Copy out the listing that follows, exact in every word, and skip the images.

● ● ●

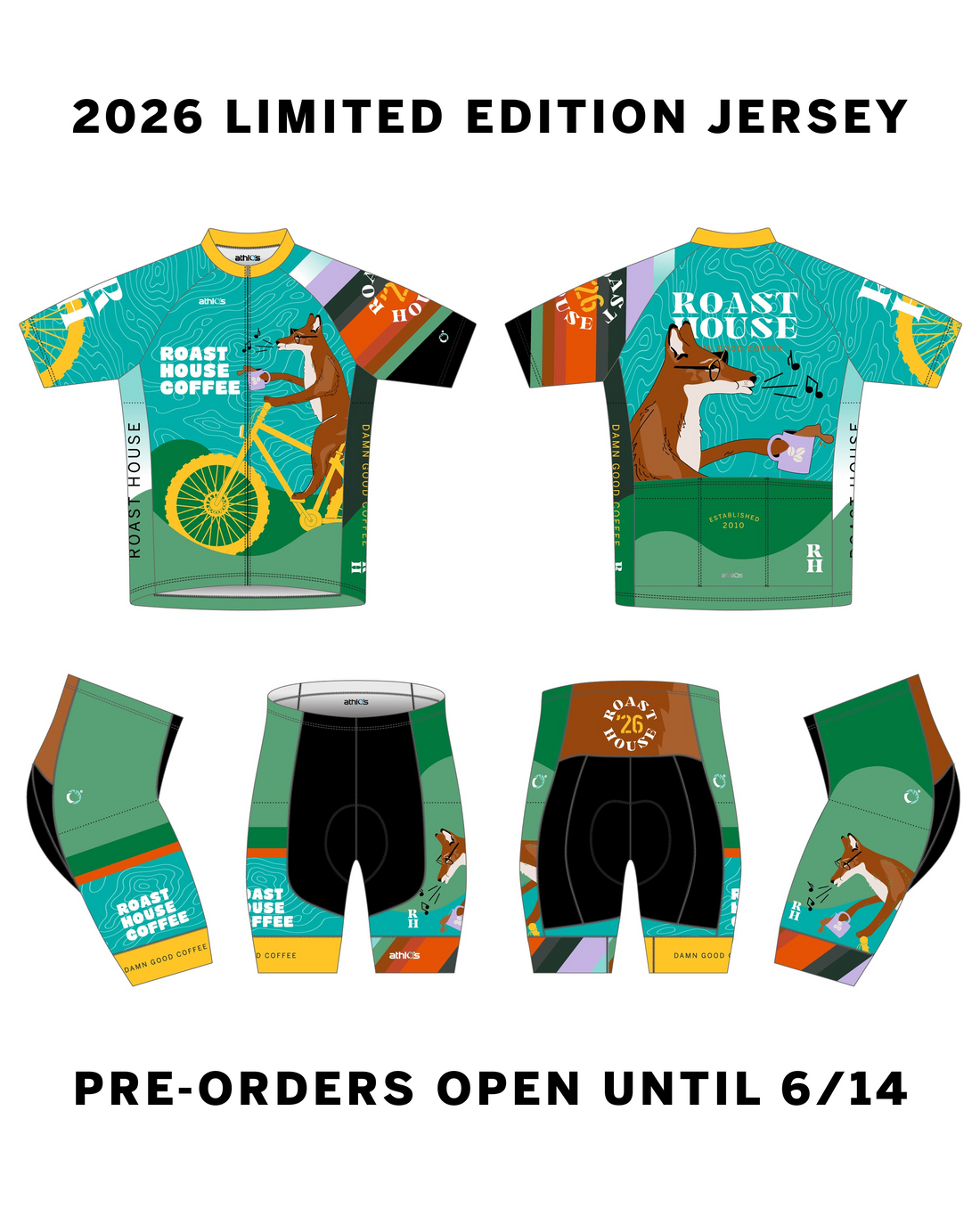 2026 Limited Edition Cycling Jersey PRE-ORDER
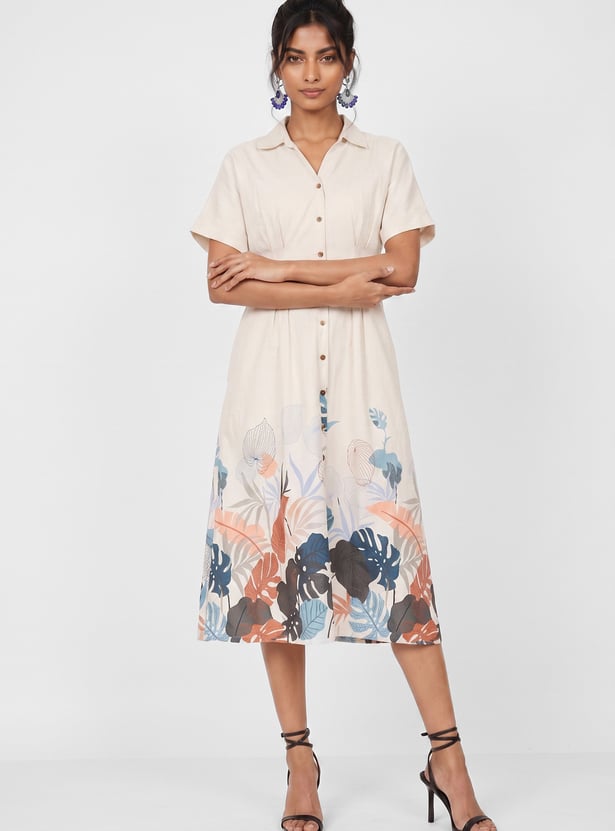 Women Printed Shirt Dress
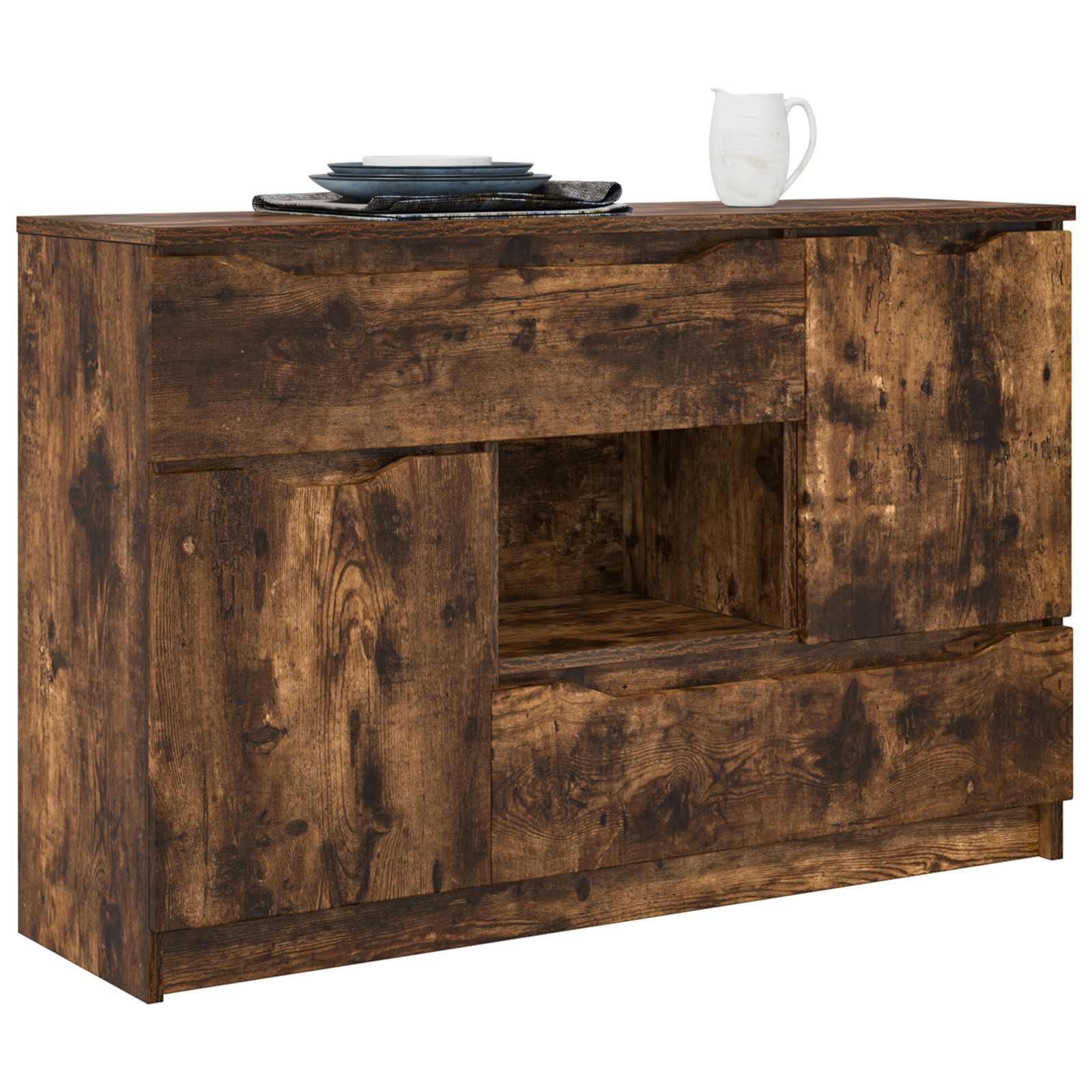 Sideboard Geräucherte Eiche 100 x 30 x 65,6 Holzwerkstoff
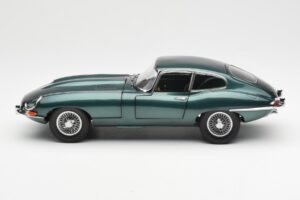Jaguar E-Type 3.8 Series 1 Verde Închis Kyosho 1:18 08954DG Metal - imaginea 4 din 8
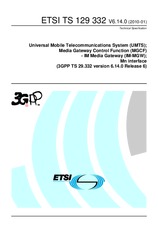 Standard ETSI TS 129332-V6.14.0 27.1.2010 preview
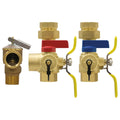 Webstone H-44444WPR3 1" FIP Union x FIP Combi Boiler Valve Kit with PRV Outlet and PRV LF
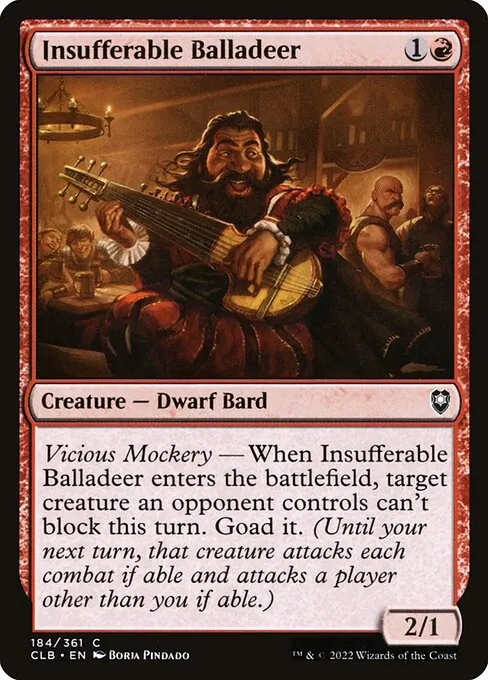 Insufferable Balladeer 184/361
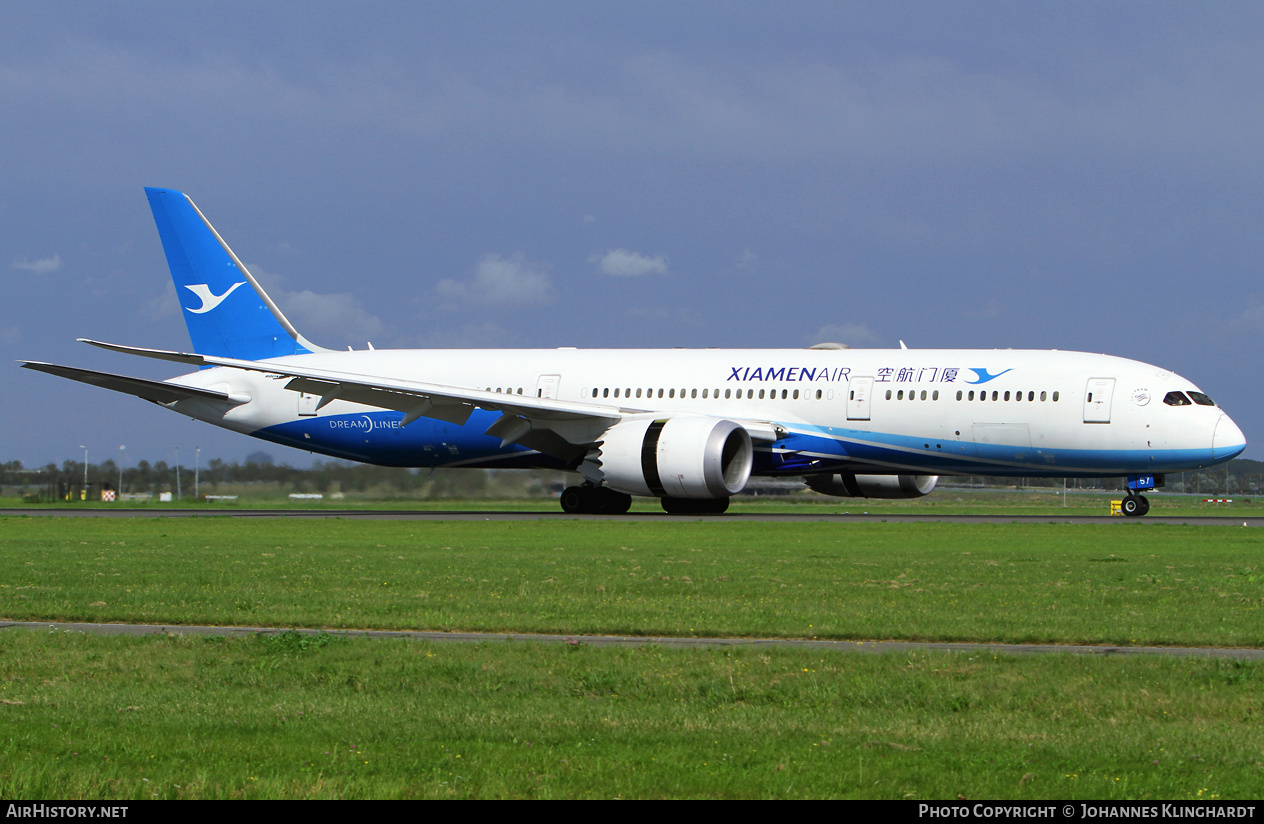 Aircraft Photo of B-1357 | Boeing 787-9 Dreamliner | Xiamen Airlines | AirHistory.net #753400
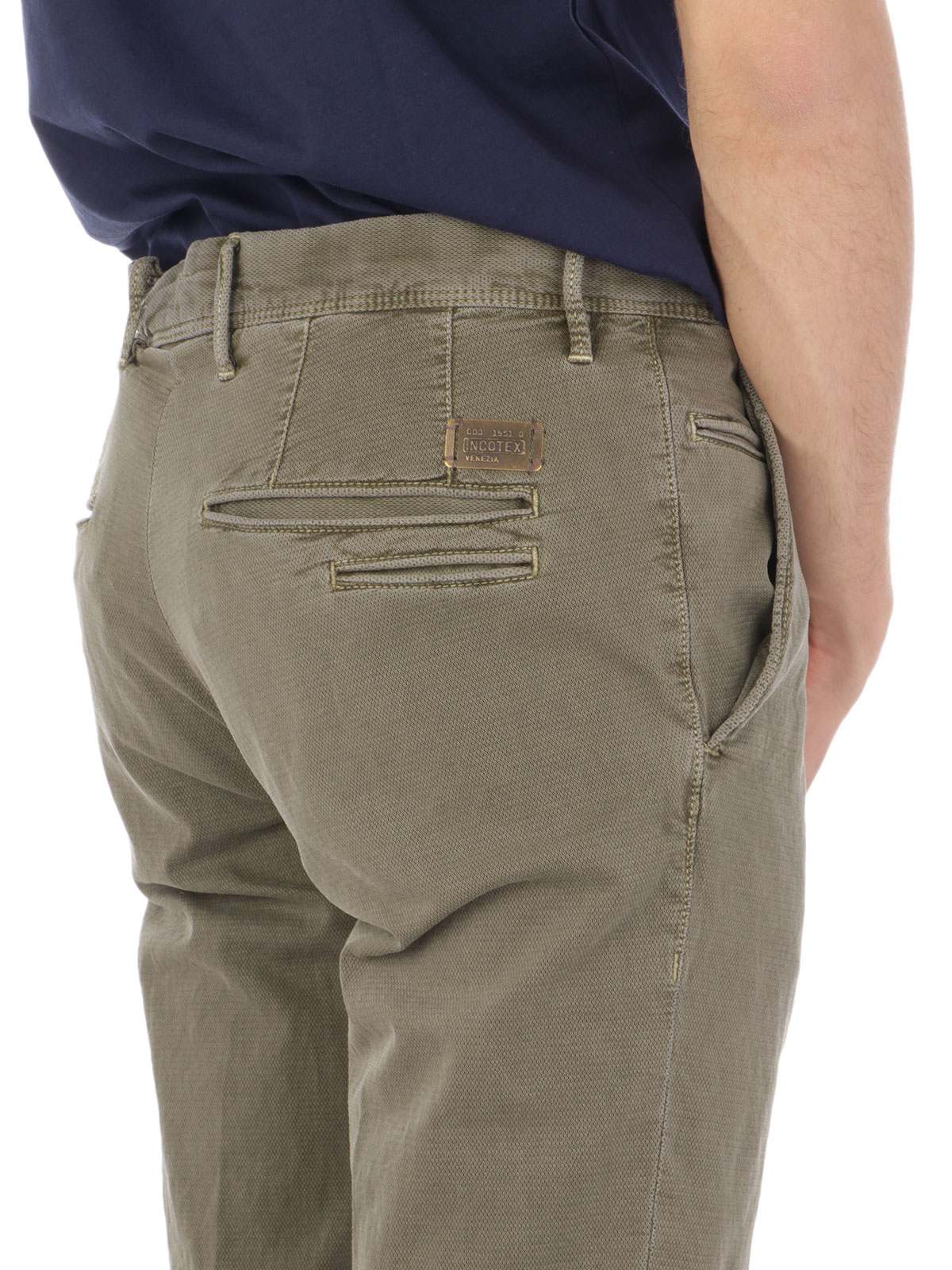 INCOTEX Pantaloni Chino Uomo Slacks Verde | 12S103.90873 | Botta \u0026 B  Abbigliamento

● ● ●

→ FINISHED EXERCISE
 2026 Limited Edition Cycling Jersey PRE-ORDER
 Women Printed Shirt Dress
 Sideboard Geräucherte Eiche 100 x 30 x 65,6 Holzwerkstoff
Jaguar E-Type 3.8 Series 1 Verde Închis Kyosho 1:18 08954DG Metal - imaginea 4 din 8
 Standard ETSI TS 129332-V6.14.0 27.1.2010 preview
 Webstone H-44444WPR3 1" FIP Union x FIP Combi Boiler Valve Kit with PRV Outlet and PRV LF
 Insufferable Balladeer 184/361
 Aircraft Photo of B-1357 | Boeing 787-9 Dreamliner | Xiamen Airlines | AirHistory.net #753400
 INCOTEX Pantaloni Chino Uomo Slacks Verde | 12S103.90873 | Botta \u0026 B  Abbigliamento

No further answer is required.